There are four stages in the exit challenge: at the business start up stage its about selecting one of the two exit objectives; stage two is then about building the business value having regard to and with a total focus on the exit objective chosen; stage three involves marketing and communication in advance of executing the exit objective and finally; stage four is about execution and implementation of the exit for maximum value realisation.
Stage one – Starting Out is the Time to Select the Business Exit Objective
At the start up stage, the entrepreneur needs to decide and know the ultimate exit objective. This doesn’t have to be hugely detailed at this point, rather it’s like a target posted up on the wall- a daily reminder on the direction the business is headed for. As the business progresses beyond start up, however, the exit objective will become a formal and increasingly detailed part of the Annual
At start up stage, a useful way to consider and decide on the ultimate business exit objective is to think about it and discuss it in the context of devising your business Mission Statement. For example, the Mission Statement is a key input into the decision making process on the new company’s corporate name. A ‘family’ corporate name, for example is well suited to a business with a business exit objective of ‘family succession’. Such a ‘family name’ may not however be best suited for the business aiming for ‘value realisation’. Seek and consider family input into this, as well as the input of any founding partners and employees. Here is a checklist of questions for you, your family and employees to consider about exit objective as the business Mission Statement is being defined.
- Why are you in this business? What do you want for yourself, your family and your customers? Think about the spark that ignited your decision to start the business. What will keep it burning?
- Who are your customers? What can you do for them that will enrich their lives and contribute to their success – now and in the future?
- What image of your business do you want to convey? Customers, suppliers, employees and the public will all have perceptions of your company. How will you create the desired picture?
- What is the nature of your products and services? What factors determine pricing and quality? Consider how these relate to the reasons for your business’s existence. How will this change over time?
- What level of service do you provide? Most companies believe they offer the “best service available”, but do your customers agree? Do not be vague; define what makes your service so extraordinary.
- What roles do you and your employees play? Wise captains develop a leadership style that organises, challenges and recognises employees.
- What kind of relationships will you maintain with suppliers? Every business is in partnership with its suppliers – when you succeed, so do they.
- How do you differ from competitors? Many entrepreneurs forget they are pursuing the same dollars as their competitors. What do you do better, cheaper or faster than other competitors do? How can you use competitors’ weaknesses to your advantage?
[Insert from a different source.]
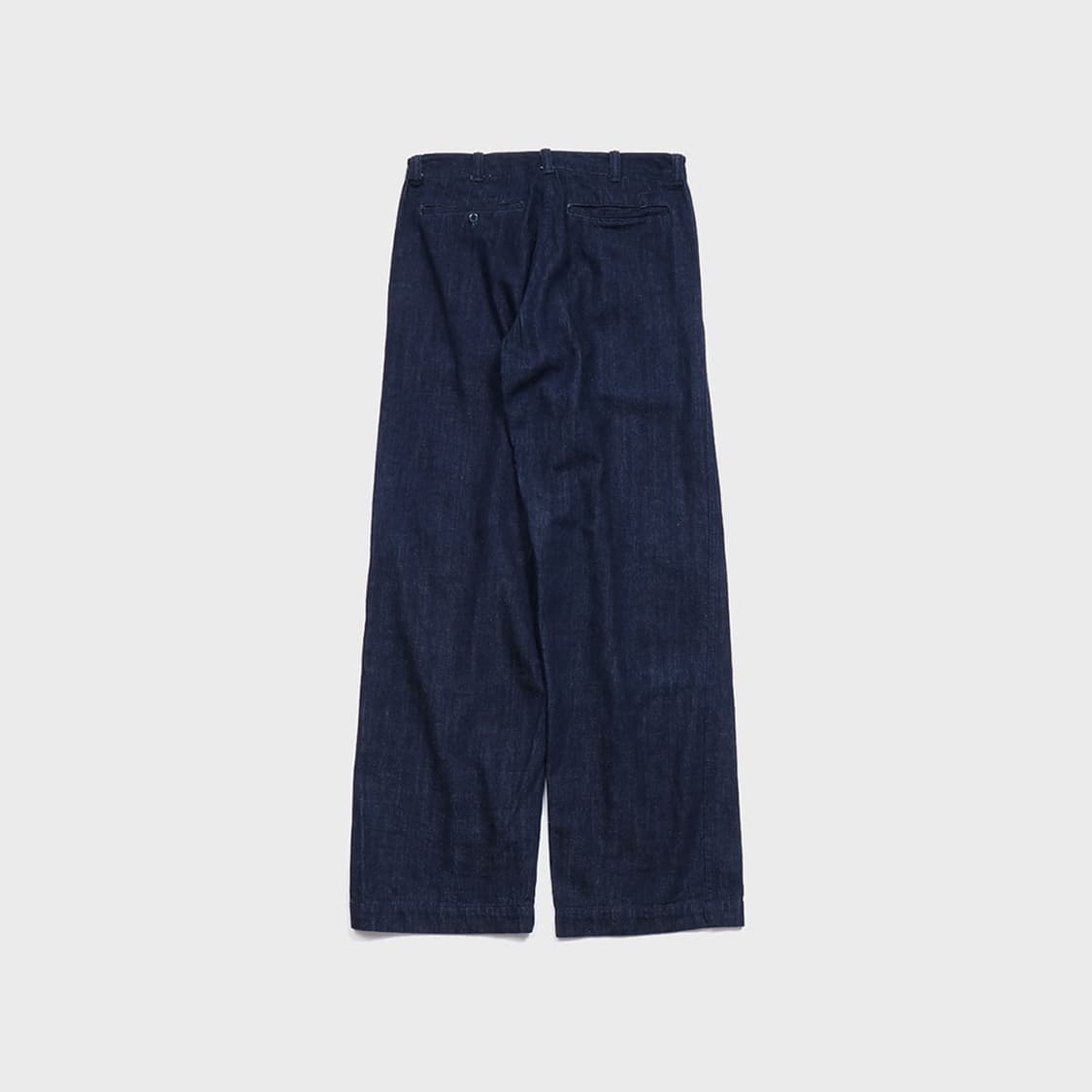 WAREHOUSE 상품이미지5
- How will you use technology, capital, processes products and services to reach your goals? A description of your strategy will keep your energies focused on your goals.
- What underlying philosophies or values guided your responses to the previous questions? Some businesses choose to list these separately. Writing them down clarifies the “why” behind your mission.
Another useful tool is to think about how you will define success, in both financial and non-financial ways and about what that success will be for the company and for you – it may well become apparent from these insights, just which exit objective is right for you.
SUCCESS – Company
In summary therefore it is advisable to decide your business exit objective – value realisation or family succession – at the start up. Enshrine it in your business Mission Statement as a daily reminder and guidance on the future direction of the business.
Stage 2 – Identifying Buyers
If you are going for the ‘value realisation’ exit objective, then your business decisions and the way you operate the business is going to be singularly focussed on attaining the best price that a target buyer will pay, when the time is right. You’ll be considering and learning about why a potential buyer would want the business? Just who are the prospective buyers to target? – becomes a key business issue.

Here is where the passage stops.